In my opinion, Abigail’s letter is a brilliant, plain and brave technique to challenge the society she was living through, yet she refuses to make it in a public, eccentric or over-dramatic way. She actually shows a natural and quite elegant eloquence when addressing “Remember the ladies” to his husband, and I do not think this fine style makes her words or plea less sharp or piercing. She could have just helped to ignite a riot to ensure her words would be heard, and publicly manifest her thoughts like many future militant suffragettes would do; perhaps starting a hunger strike, like Emmeline Pankhurst and so many other feminists would do within the next centuries, and holding a big banner across the streets with “Taxation without representation also apply to women” written on it… But instead of that, Abigail chose a more sublime and delicate method to approach the real problem: dozens, hundreds of letters, that even meant to be kept private, would eventually echo and pierce American history as a knife: “… remember the ladies…”.

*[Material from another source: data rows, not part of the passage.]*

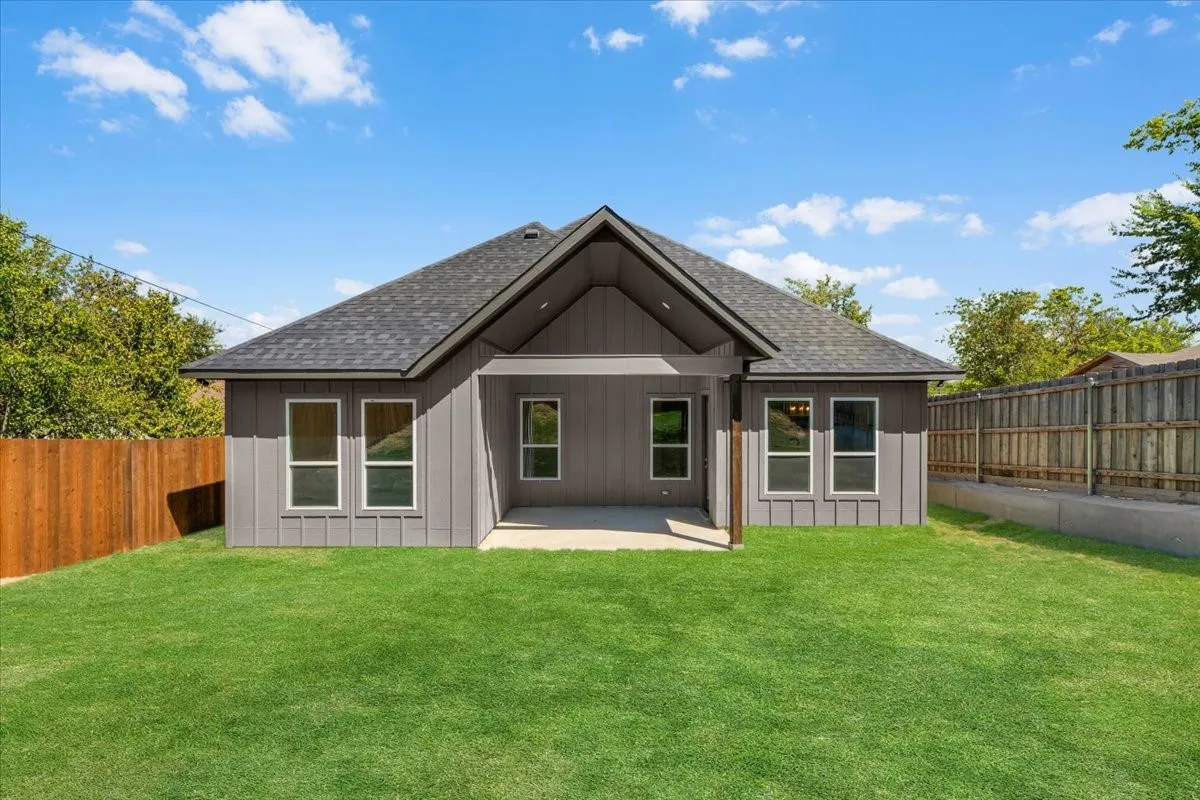 Single Family Residence For Sale in Tarrant County , 2915 Roosevelt Avenue, Fort Worth, Texas 76106, 4 Bedroom, 2 Bathroom, 2 Garage spaces, 1,957 Sqft, built in 2026, mls#21377046, Real Estate Agent in Fort Worth, Homes For Sale in Tarrant county, Homes For Sale in Fort Worth, Realtor in Fort Worth Texas, Real Estate Brokerage Independent Realty Texas, Luminita Cordes Realtor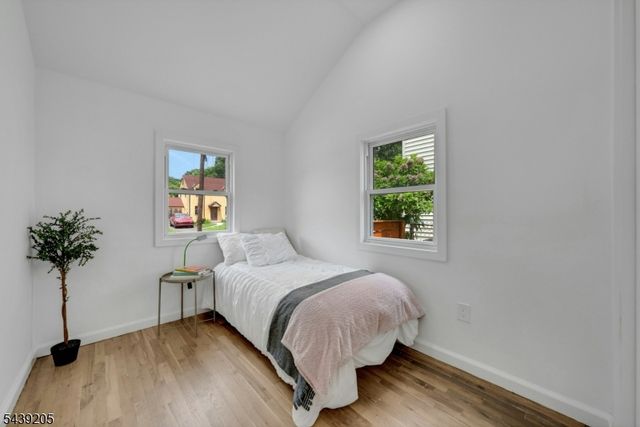 12 Lerome Pl, Teaneck Twp., NJ 07666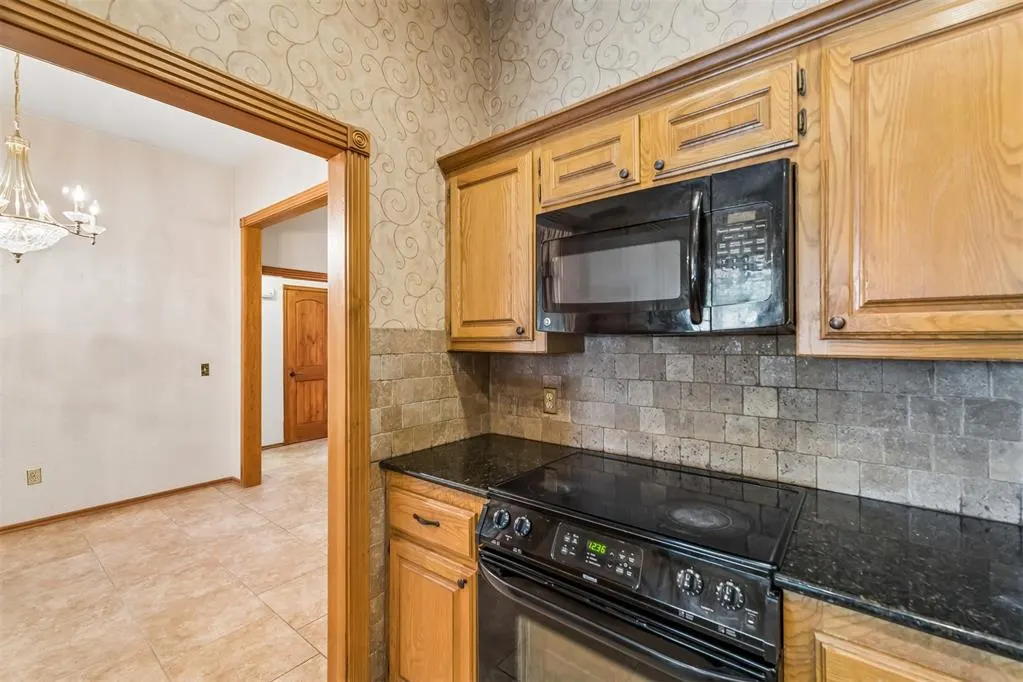 Photo 19 — 1801 Whispering Trail, Midwest City, OK 73130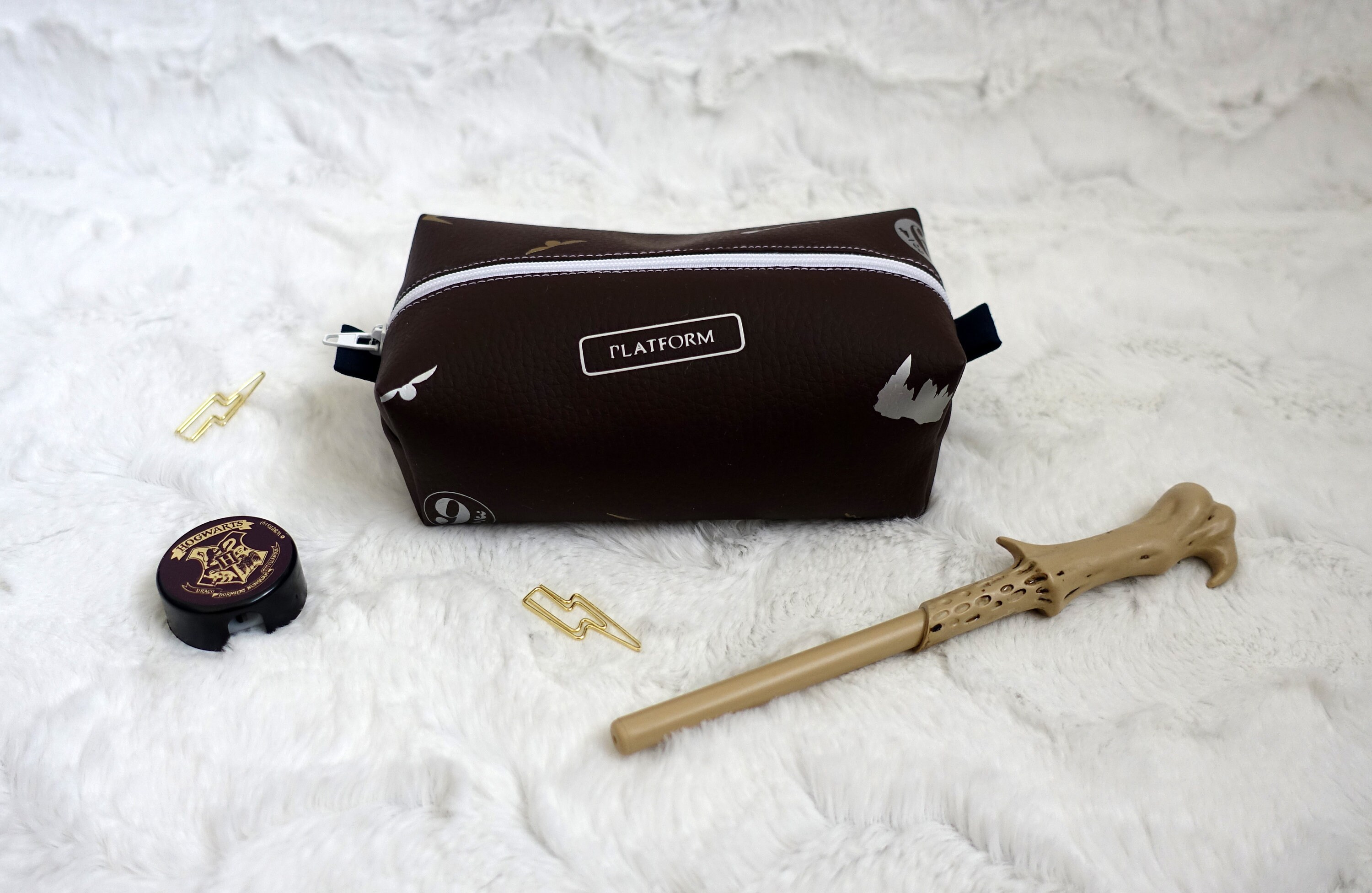 Trousse Motifs École de Magie Marron Simili Cuir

Personally, I do not think of Abigail Adams in the terms of a revolutionary lady, a radical crusader essentially calling for suffrage, yet she acknowledges the inequalities in society. This is, I believe, one of the most remarkable features in her letter. Abigail is a strong woman and she definitely holds strong beliefs; an outspoken, intelligent lady concerned with the state of her country and its citizens, especially women’s right (or better to say the lack of them). She is certainly aware of the way society works around her, and certainly dislikes a few things about it as well. Obviously, she is opinionated and hypocrisy is not one of her features; still, Abigail is educated enough of what she writes about, and her voice is definitely strong by showing and defending her own urges instead of rising it to be loud and noisy. I firmly believe Abigail is a practical example incarnating the famous quote by Reverend Desmond Tutu: 'Don't raise your voice. Improve your argument. Good sense does not always lie with the loudest shouters, nor can we say that a large, unruly crowd is always the best arbiter of what is right”.